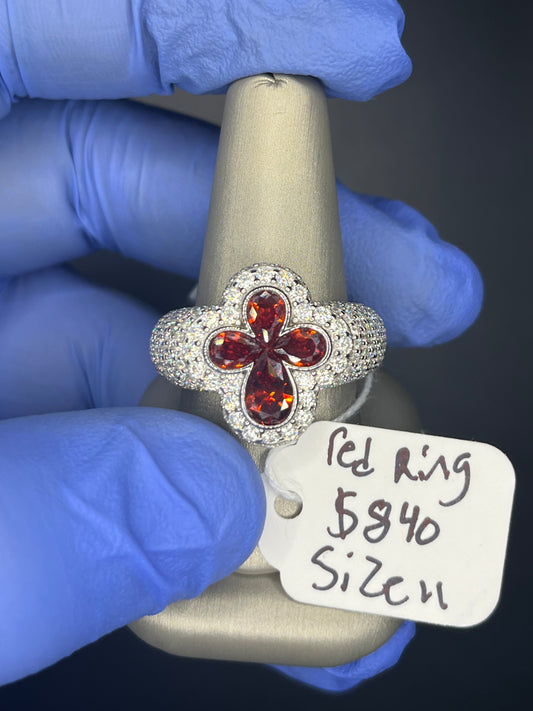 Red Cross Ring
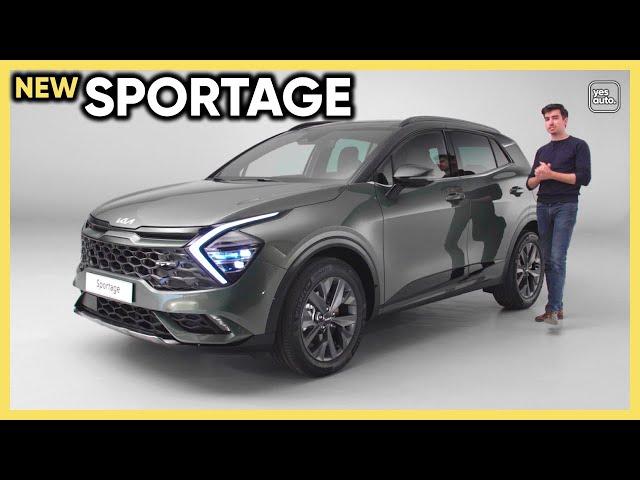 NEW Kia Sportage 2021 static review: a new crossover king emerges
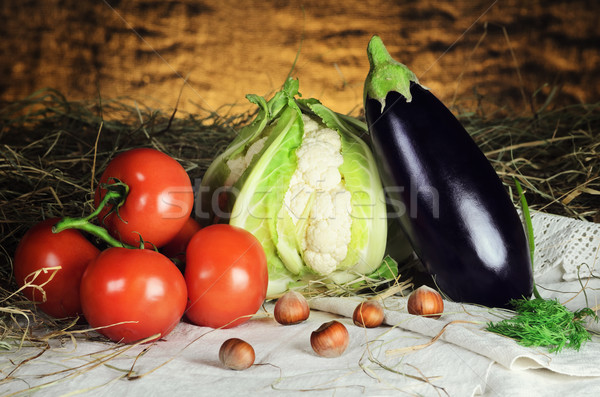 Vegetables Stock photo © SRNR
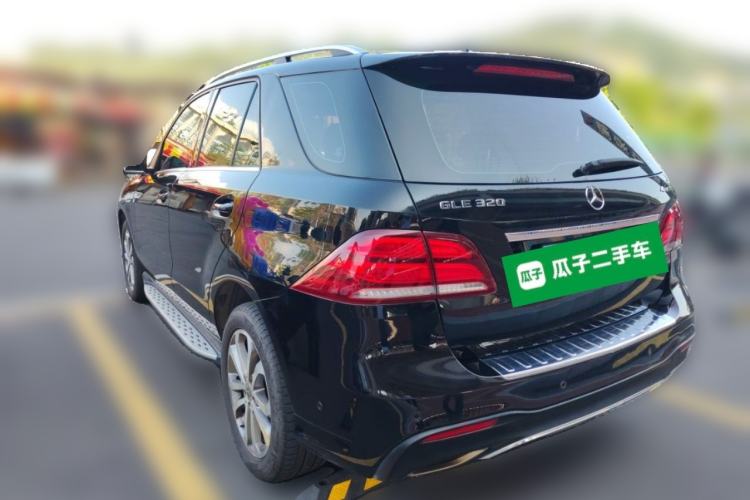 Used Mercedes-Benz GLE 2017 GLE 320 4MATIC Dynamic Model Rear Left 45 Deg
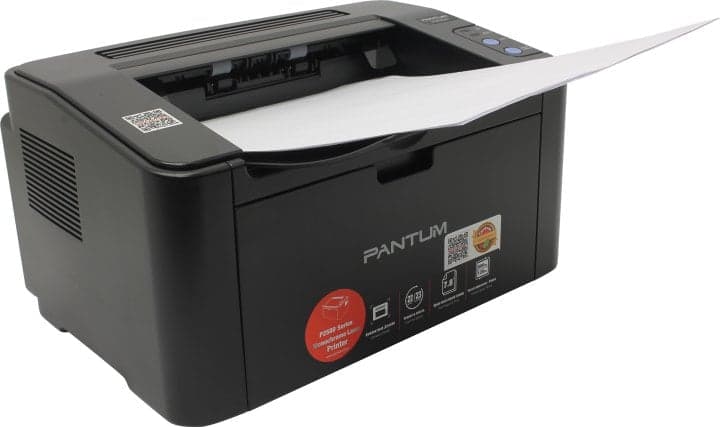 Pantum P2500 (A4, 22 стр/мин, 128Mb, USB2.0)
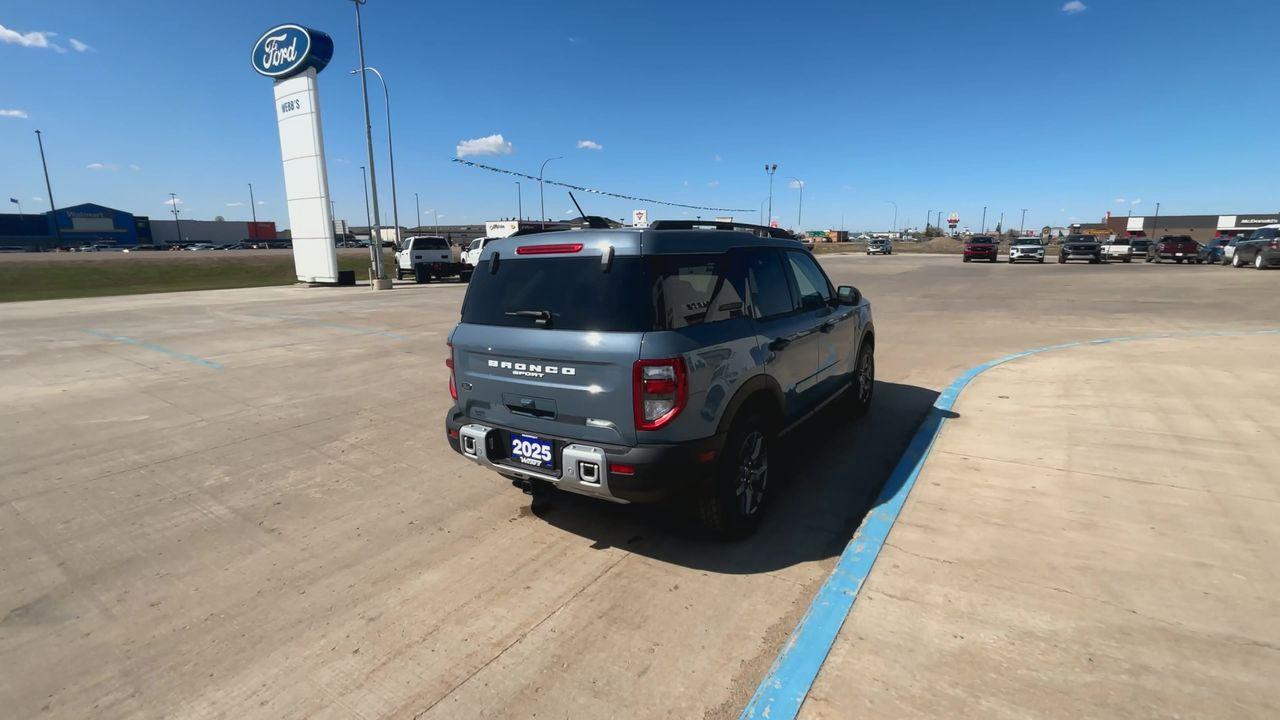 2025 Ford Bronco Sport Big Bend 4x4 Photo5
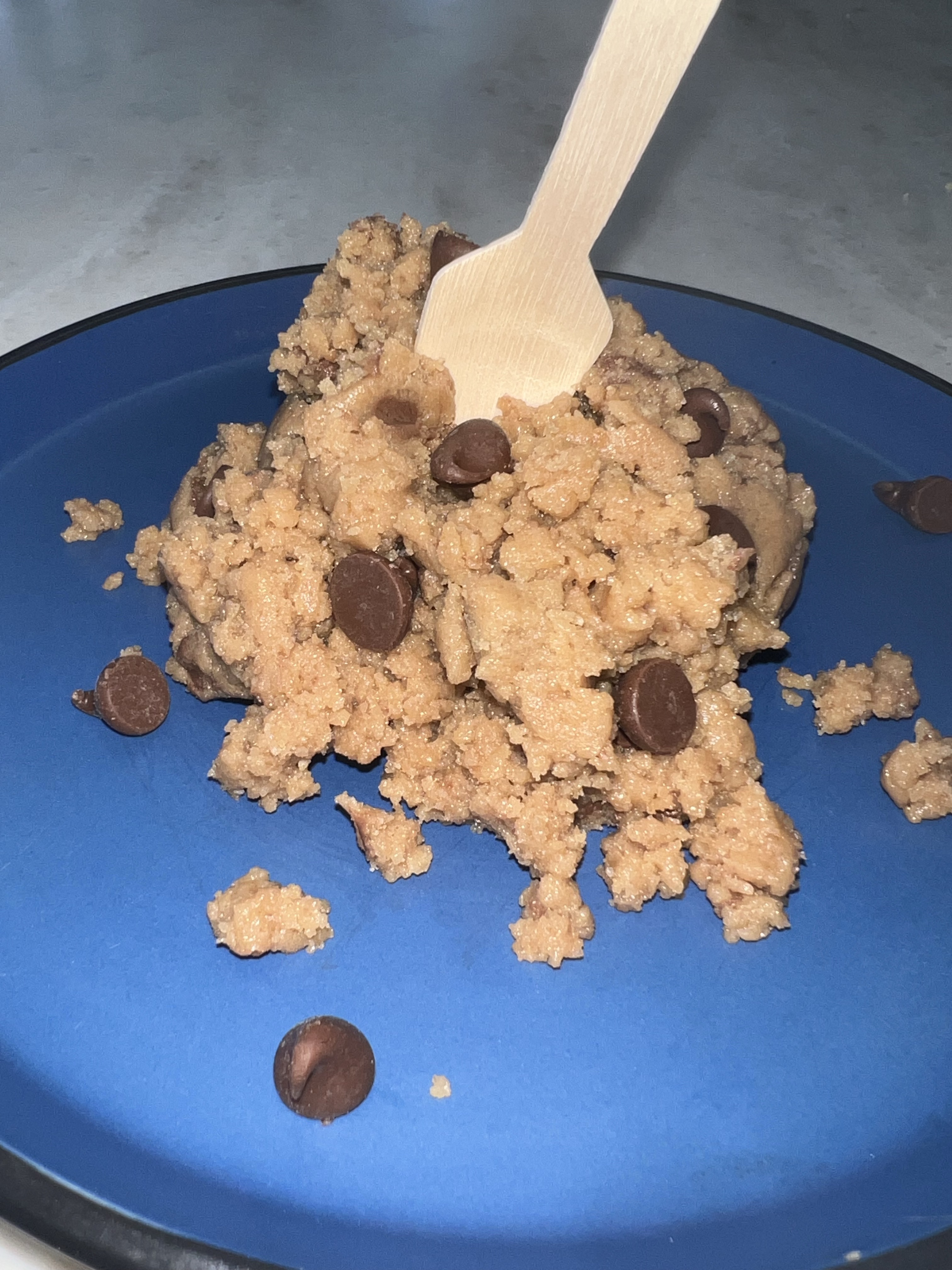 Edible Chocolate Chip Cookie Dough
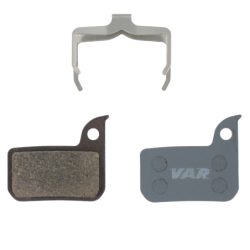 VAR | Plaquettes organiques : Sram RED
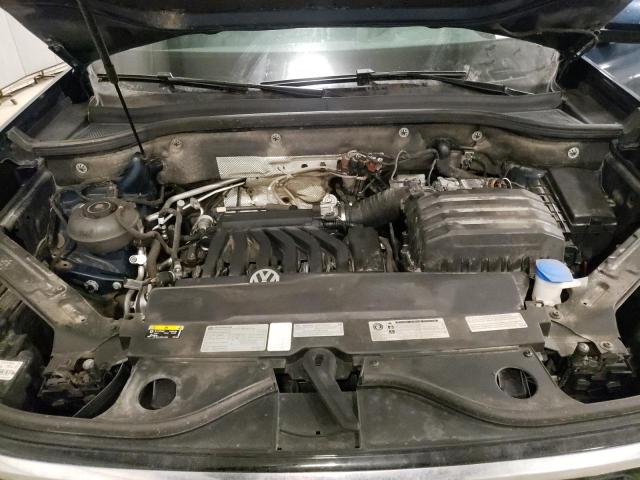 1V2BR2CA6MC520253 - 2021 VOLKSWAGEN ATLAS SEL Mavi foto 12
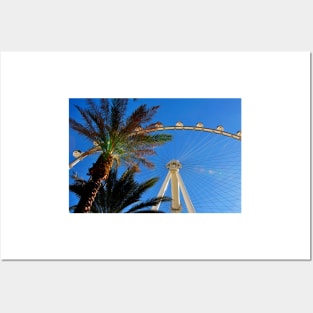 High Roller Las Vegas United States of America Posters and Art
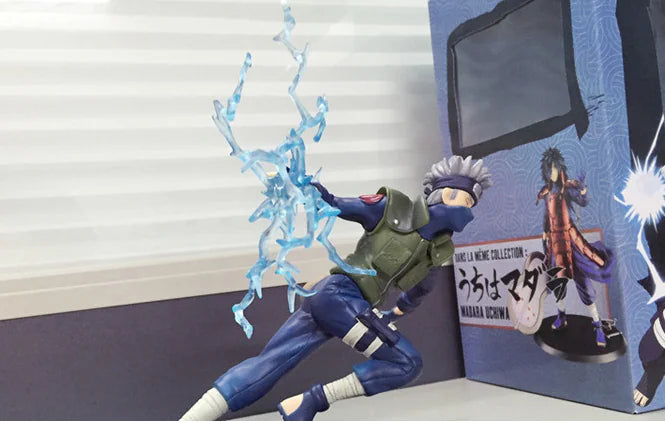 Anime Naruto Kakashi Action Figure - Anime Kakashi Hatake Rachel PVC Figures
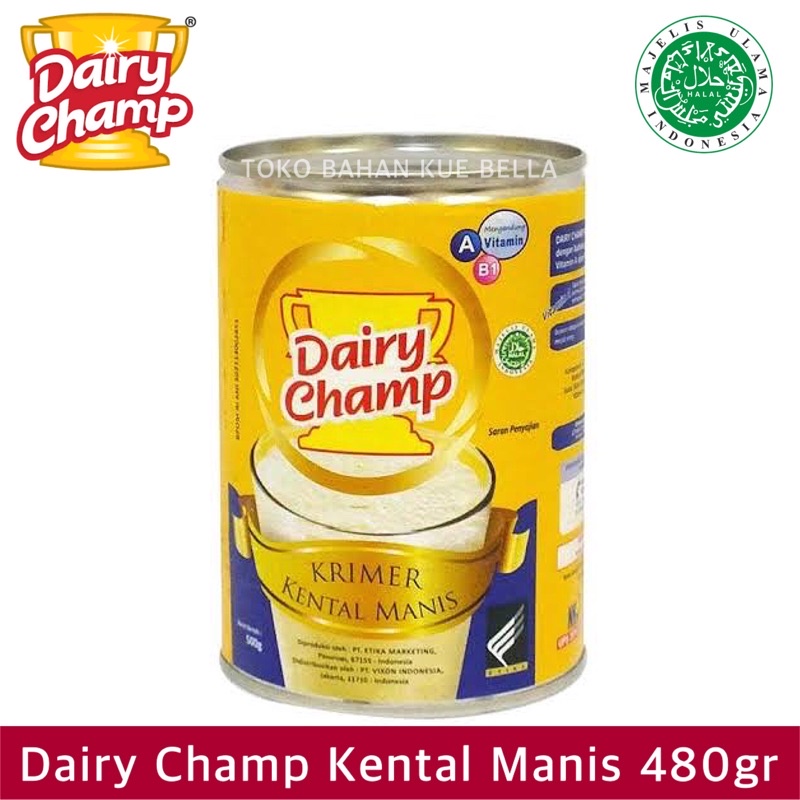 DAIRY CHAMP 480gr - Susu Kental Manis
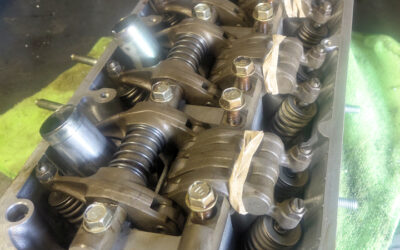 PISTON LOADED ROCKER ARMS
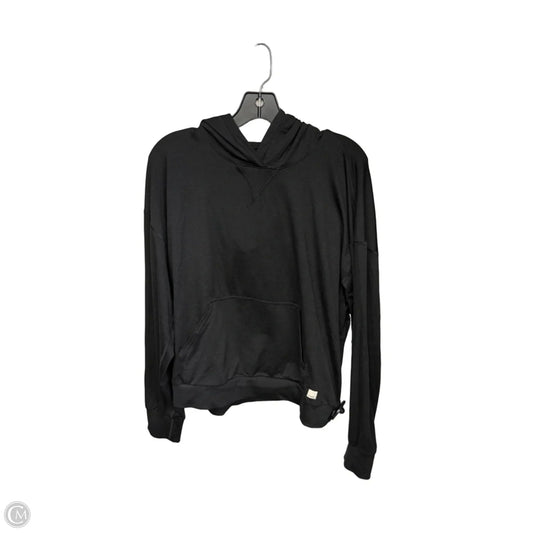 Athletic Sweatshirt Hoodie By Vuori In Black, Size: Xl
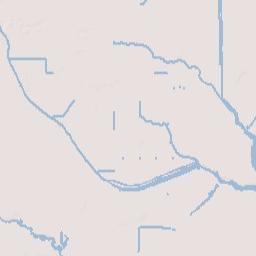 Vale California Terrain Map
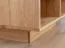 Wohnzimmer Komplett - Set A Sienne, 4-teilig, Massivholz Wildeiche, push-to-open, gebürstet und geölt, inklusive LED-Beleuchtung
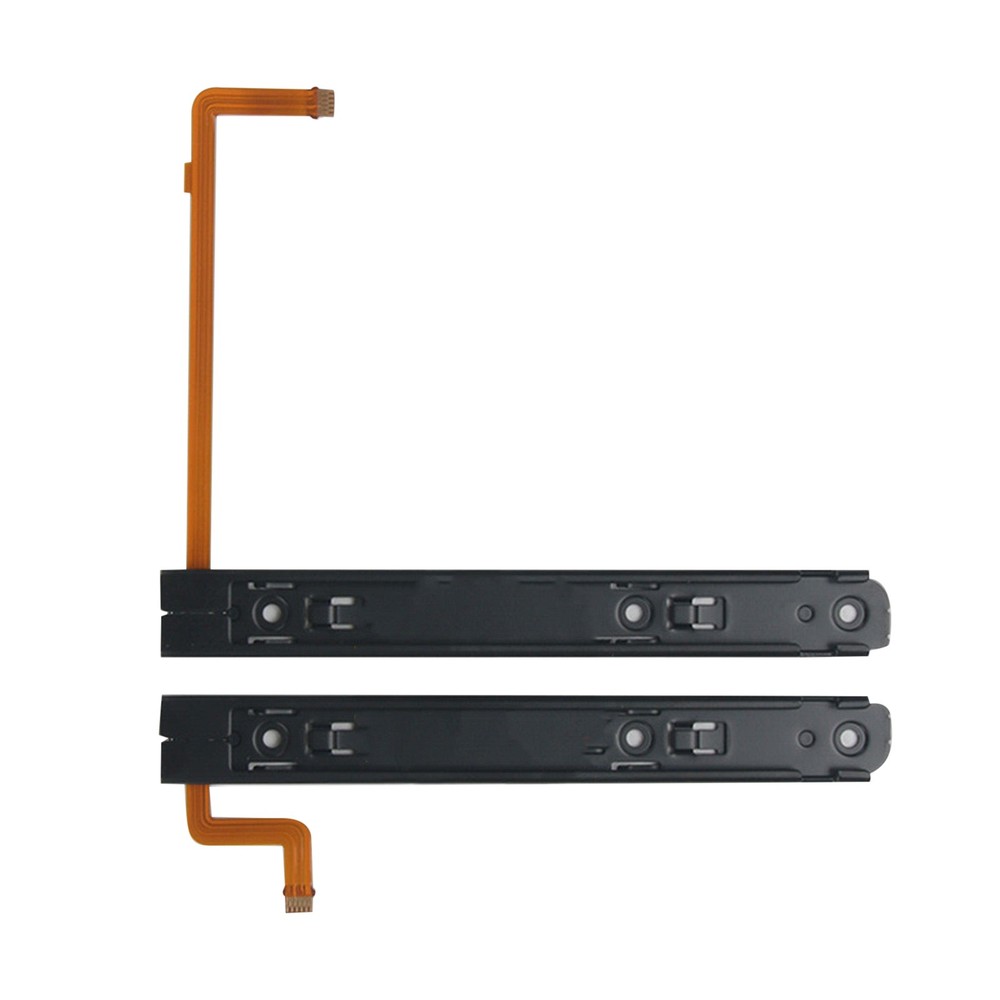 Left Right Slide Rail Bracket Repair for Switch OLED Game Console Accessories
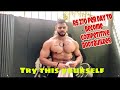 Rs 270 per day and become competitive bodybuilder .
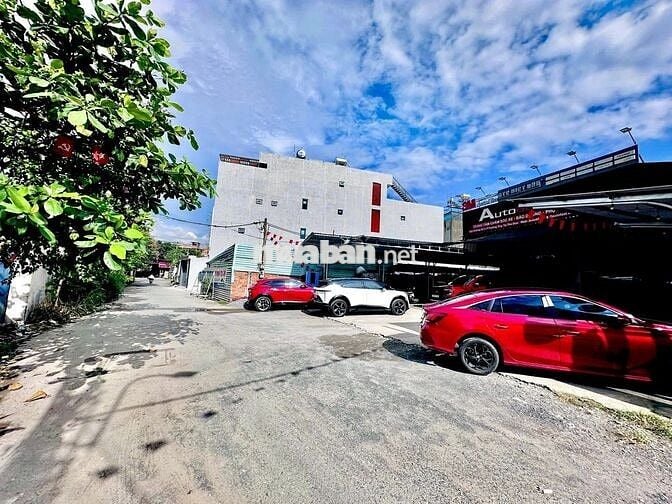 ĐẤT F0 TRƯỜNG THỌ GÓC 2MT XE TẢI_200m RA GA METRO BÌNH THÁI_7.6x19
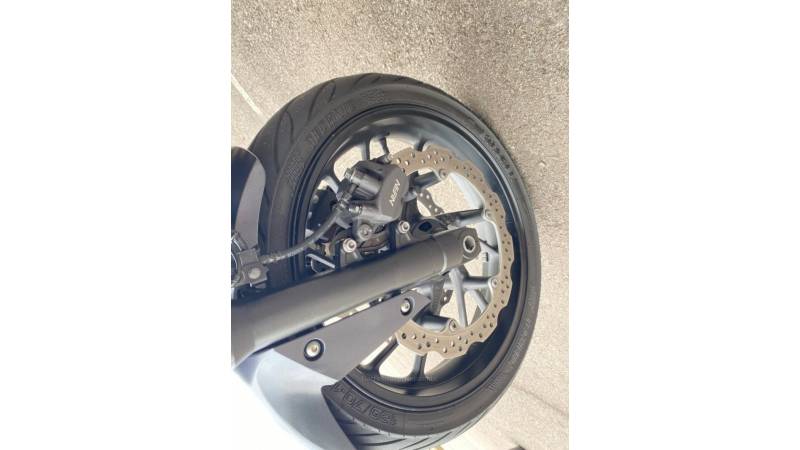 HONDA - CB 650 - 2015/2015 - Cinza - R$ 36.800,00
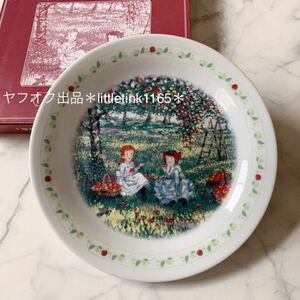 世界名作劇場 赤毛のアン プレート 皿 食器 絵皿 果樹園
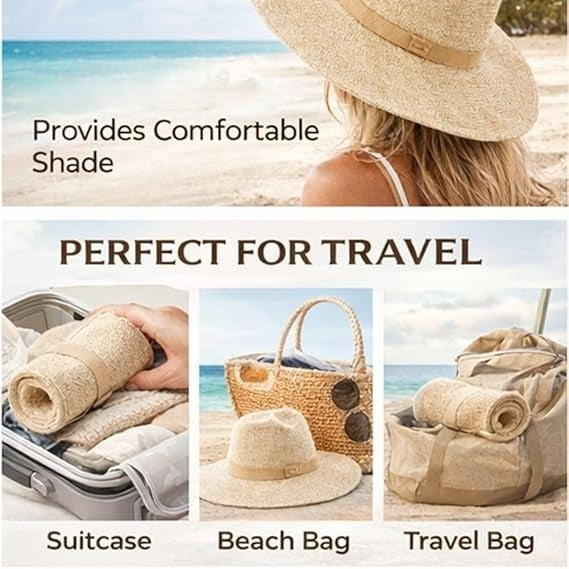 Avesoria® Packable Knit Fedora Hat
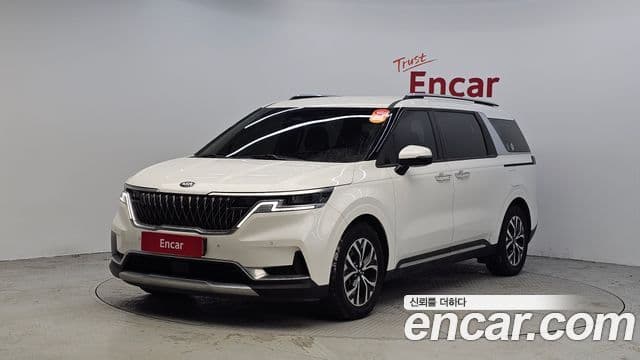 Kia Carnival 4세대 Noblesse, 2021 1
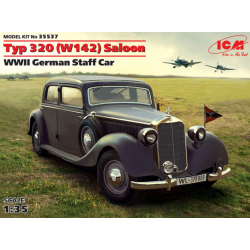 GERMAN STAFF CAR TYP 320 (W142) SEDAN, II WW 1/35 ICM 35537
========================================
● What needs to be done
The reply must match the records exactly, apart from the pictures, which are left out.

● Reply to the exercise
 Red Cross Ring
 NEW Kia Sportage 2021 static review: a new crossover king emerges
 Vegetables Stock photo © SRNR
 Used Mercedes-Benz GLE 2017 GLE 320 4MATIC Dynamic Model Rear Left 45 Deg
 Pantum P2500 (A4, 22 стр/мин, 128Mb, USB2.0)
 2025 Ford Bronco Sport Big Bend 4x4 Photo5
 Edible Chocolate Chip Cookie Dough
 VAR | Plaquettes organiques : Sram RED
 1V2BR2CA6MC520253 - 2021 VOLKSWAGEN ATLAS SEL Mavi foto 12
 High Roller Las Vegas United States of America Posters and Art
 Anime Naruto Kakashi Action Figure - Anime Kakashi Hatake Rachel PVC Figures
 DAIRY CHAMP 480gr - Susu Kental Manis
 PISTON LOADED ROCKER ARMS
 Athletic Sweatshirt Hoodie By Vuori In Black, Size: Xl
 Vale California Terrain Map
 Wohnzimmer Komplett - Set A Sienne, 4-teilig, Massivholz Wildeiche, push-to-open, gebürstet und geölt, inklusive LED-Beleuchtung
 Left Right Slide Rail Bracket Repair for Switch OLED Game Console Accessories
 Rs 270 per day and become competitive bodybuilder .
 ĐẤT F0 TRƯỜNG THỌ GÓC 2MT XE TẢI_200m RA GA METRO BÌNH THÁI_7.6x19
 HONDA - CB 650 - 2015/2015 - Cinza - R$ 36.800,00
 世界名作劇場 赤毛のアン プレート 皿 食器 絵皿 果樹園
 Avesoria® Packable Knit Fedora Hat
 Kia Carnival 4세대 Noblesse, 2021 1
 GERMAN STAFF CAR TYP 320 (W142) SEDAN, II WW 1/35 ICM 35537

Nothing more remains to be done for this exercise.